[Saved data entries]
═══
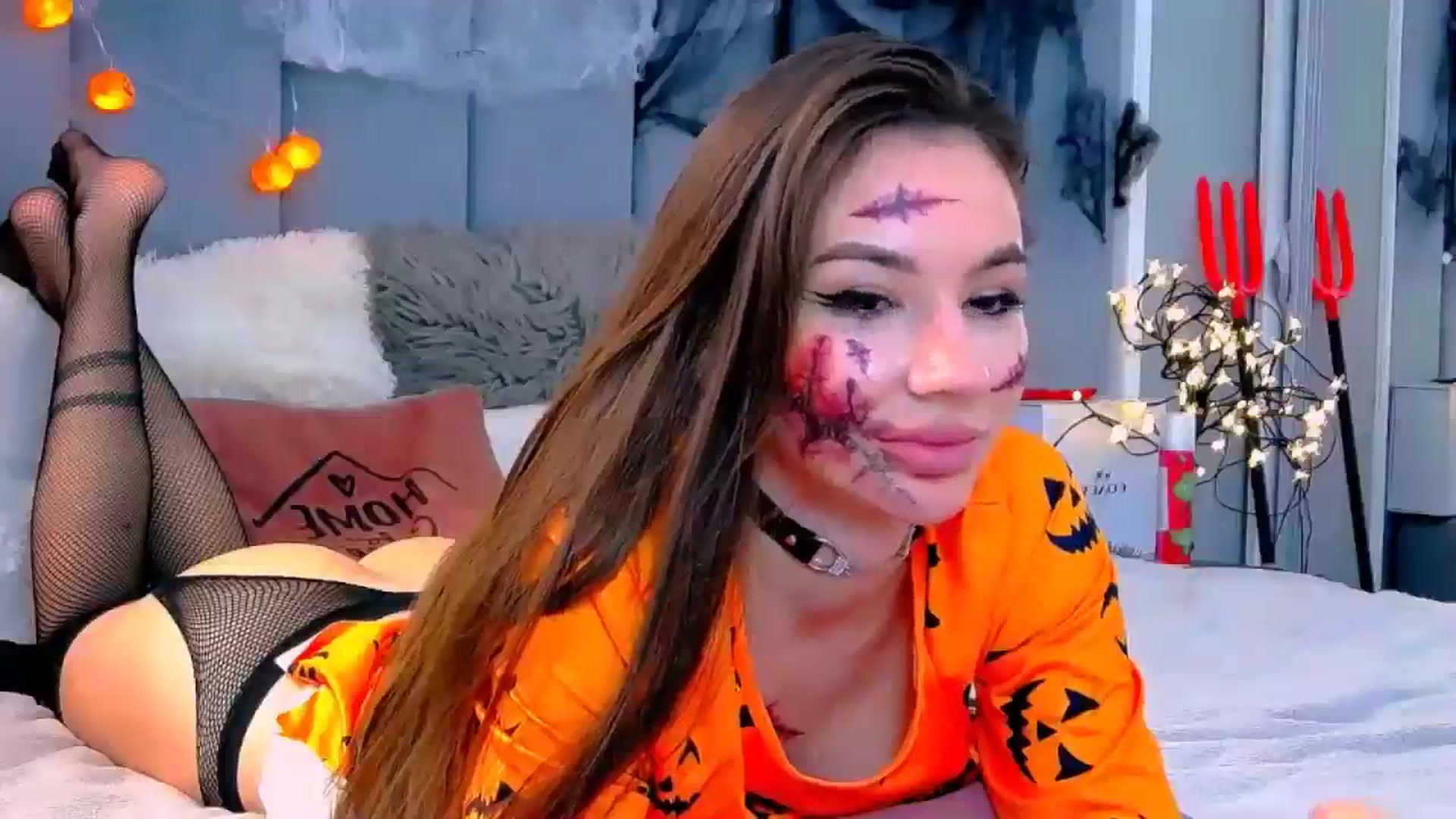 Gallery image thumbnail from Selenita007's myfreecams stream on, 10/29/2025, 18:33 image 3 of 20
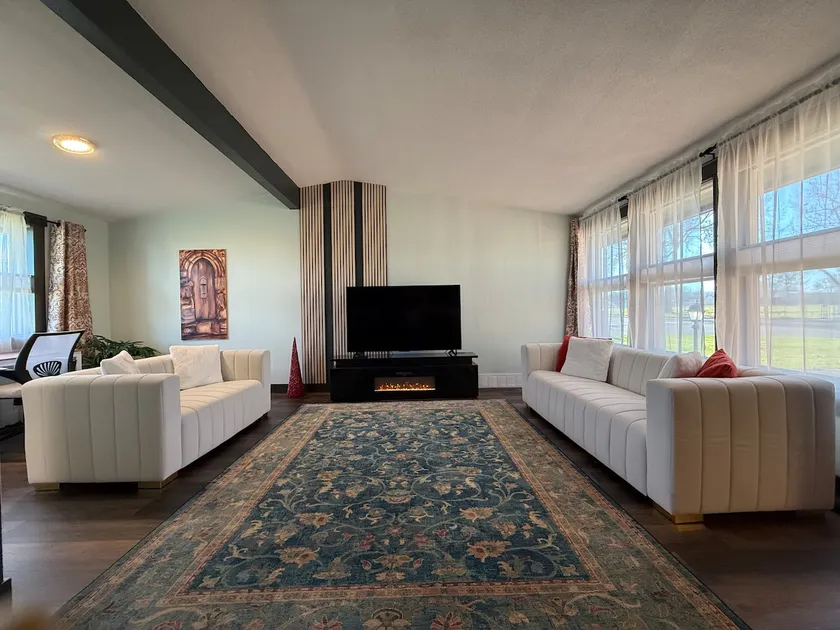 Comfort 3BR Retreat: Updated, Quiet, Relaxing Stay - Image 1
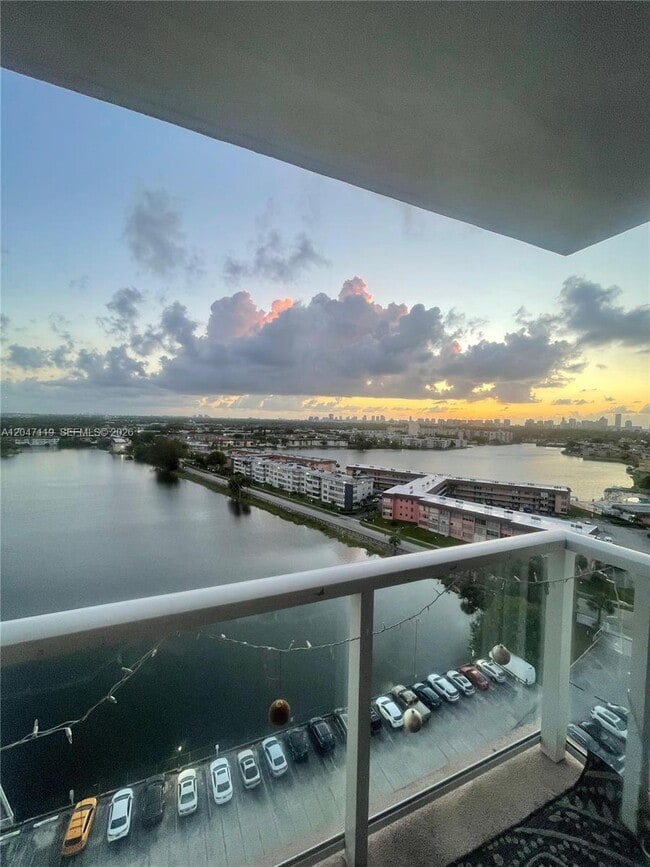 Building Photo - 1351 NE Miami Gardens Dr Unit 1514E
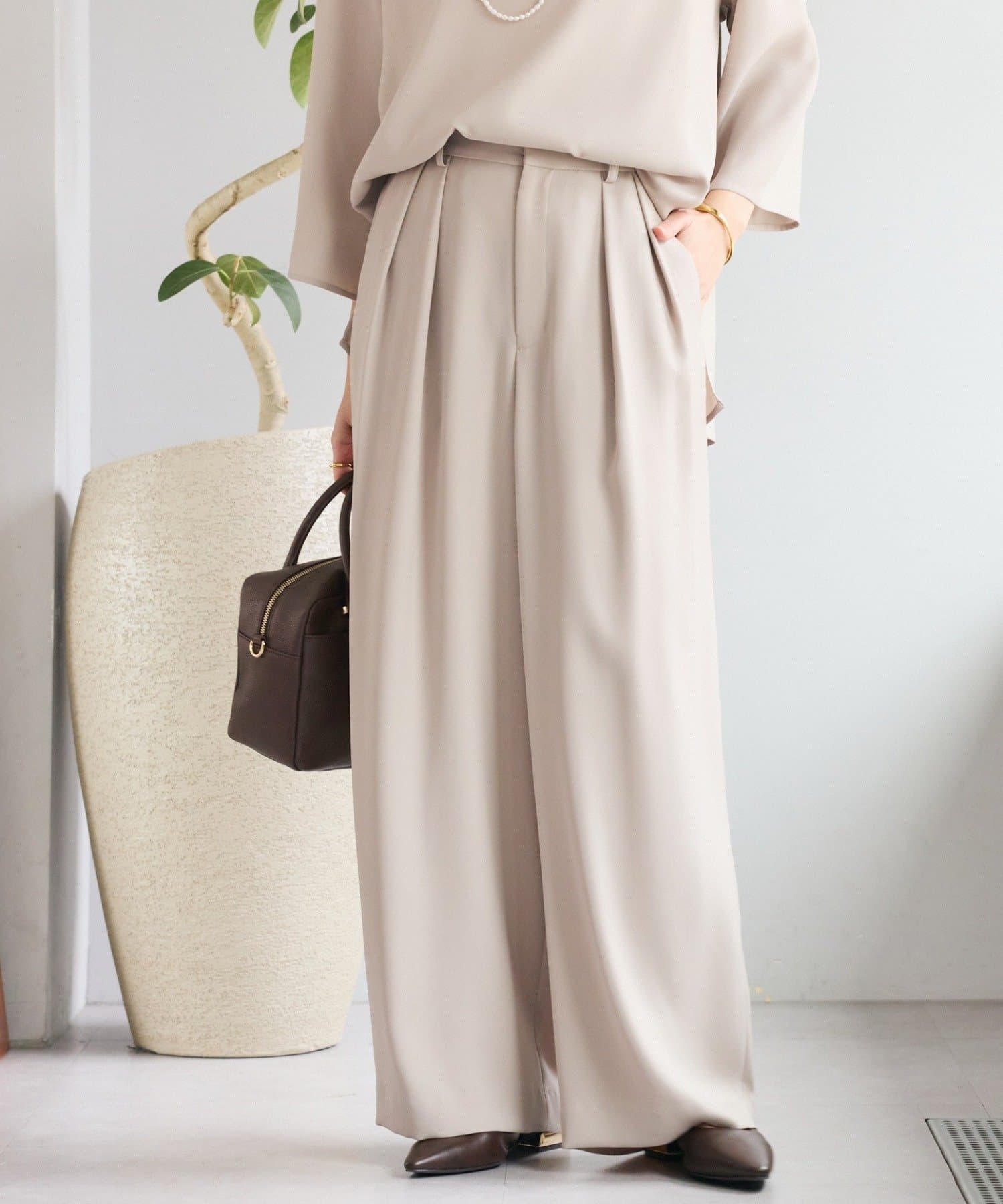 RIVE DROITE(リヴドロワ) 予約【オケージョンや通勤に】ダブルサテンタックパンツ/2月上旬お届け予定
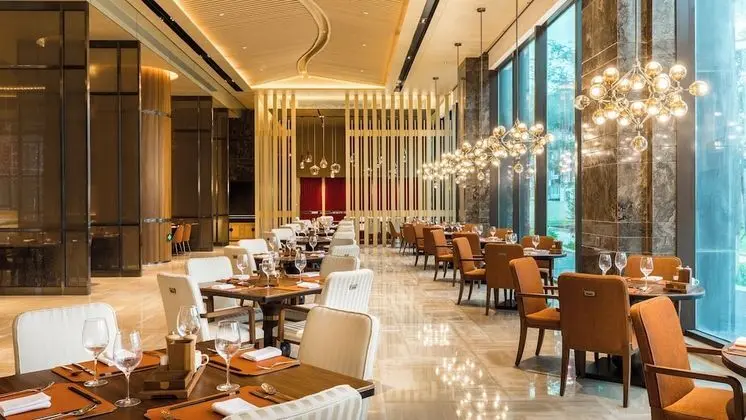 Hualuxe Beijing Xinan, an IHG Hotel - Yerinde Yemek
═══
## YOUR INSTRUCTIONS
Only the lines from the one containing "Building Photo - 1351" through the final line of the records should be retyped, exactly, with every picture omitted.

## THE COMPLETED TASK
 Building Photo - 1351 NE Miami Gardens Dr Unit 1514E
 RIVE DROITE(リヴドロワ) 予約【オケージョンや通勤に】ダブルサテンタックパンツ/2月上旬お届け予定
 Hualuxe Beijing Xinan, an IHG Hotel - Yerinde Yemek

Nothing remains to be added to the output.